As Saddam Hussein's bronze statue crashed to the ground in Baghdad in late April, crowds of excited Iraqis and millions of television viewers around the world believed it could be a second chance for the country's impoverished people.

After all, Iraq has oil - oil with a capital 'O' in fact: 110 billion barrels, the world's second largest reserves after Saudi Arabia.

UN sanctions that had stifled the country's economy for 13 years were lifted in May, when the United States and Britain won broad powers to run Iraq and sell its oil until a new government is established. US ambassador to the United Nations John Negroponte declared: "It is time for the Iraqi people to benefit from their natural resources."

In reality, the outlook for Iraq is far from certain. A look at some of the world's key oil-exporting regions shows that, like the golden touch of the ancient Greek King Midas, the oil gift often comes with costs that can outweigh the benefits.

The international image of oil nations is one of stark contrasts. On the one hand suffering and woes: strikes in Venezuela, starvation in Angola, and violent ethnic clashes in Nigeria. On the other, sumptuous royal palaces in Saudi Arabia.

Juan Pablo Perez Alfonso, a former Venezuelan oil minister, was all too aware of the mixed blessing of oil riches, calling oil the "devil's excrement" in one famous book.

"Ten years, 20 years from now you will see," Perez Alfonso said in the 1970s, "Oil will bring us ruin."

Right on schedule, Venezuela's myth of oil prosperity finally burst in the last decade of the 20th century.

In Nigeria, per capita income of $270 a year is lower than when oil was found in the 1950s. Since 1999, Nigeria has been trying to recover up to $3 billion that disappeared during the four-and-a-half year rule of former president Sani Abacha. Bloody clashes erupt frequently near the oilfields in the Niger delta as tribes fight over scarce revenue and jobs.

As demand for oil grows in the West and reserves dwindle in Europe and the United States, energy companies have gone further afield, looking for oil in developing countries and increasingly under thousands of metres of ocean. They are often welcomed warmly as poor countries lack the capital and technology to develop their own resources.

"These countries usually lack the technology, the capital and expertise needed to develop these fields, especially the deep water projects which are very technologically challenging. Apart from the big international oil companies, there is really no one else who can do it," said Andy Latham, energy analyst at consultancy Wood Mackenzie in Edinburgh.

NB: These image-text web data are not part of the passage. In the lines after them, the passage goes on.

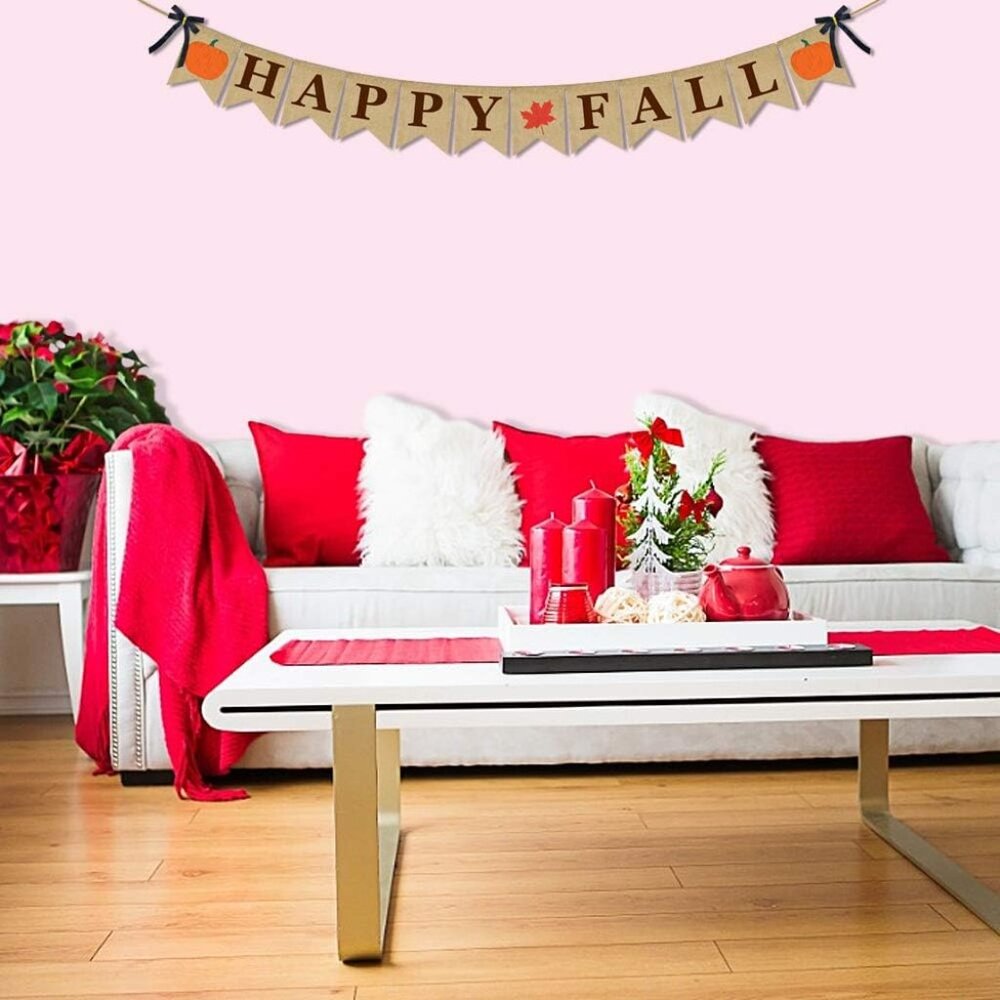 Burlap Banner Happy Fall Sign Pumpkin Flag Rustic Natural Fall Harvest Banner fo - Picture 6 of 7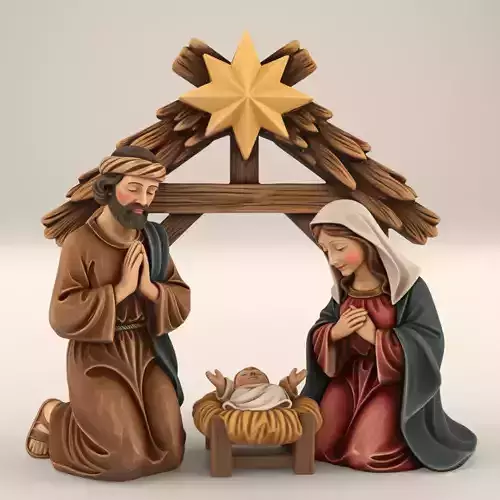 Nativity STL Holy Family 3D Print Set separated files 3D print model Nativity STL Holy Family 3D Print Set separated files 3D print model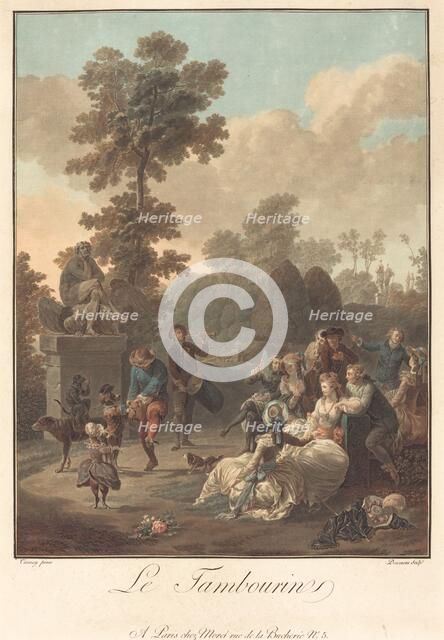 Le Tambourin, c. 1789. Creator: Charles-Melchior Descourtis.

Iraq's oil helped Saddam stay in power for more than two decades and many critics of the war think that controlling Iraq's reserves was a motive for the US-led attack. The top job in Baghdad has the added bonus of control over an estimated $25 billion in annual oil revenues alone, at pre-war production rates.

"All the oil companies are dying to get into Iraq," says Terry Lynn Karl, professor of politics at Stanford University in California. "And every single opposition group in Iraq is dying to get into power so they can get their hands on those resources and decide how to allocate them."

The question now is whether post-Saddam Iraq can escape what Harvard economists Jeffrey Sachs and Andrew Warner call the "curse of easy riches".

Stanford's Karl, author of "Paradox of Plenty: Oil Booms and Petro-States", is not encouraged.

"The warning for the Iraqi people and the United States is this: it is a very dangerous myth that oil will make you rich," she says. "Oil-exporting nations are some of the most conflict-ridden, economically troubled and authoritarian countries in the world, and this is directly related to their central export.

"Because petroleum is so highly capital intensive and so extraordinarily profitable, no other resource tends to concentrate power and money into the hands of the few like oil does."

Countries that have benefited most from oil have been those with established democracies before the windfall arrived.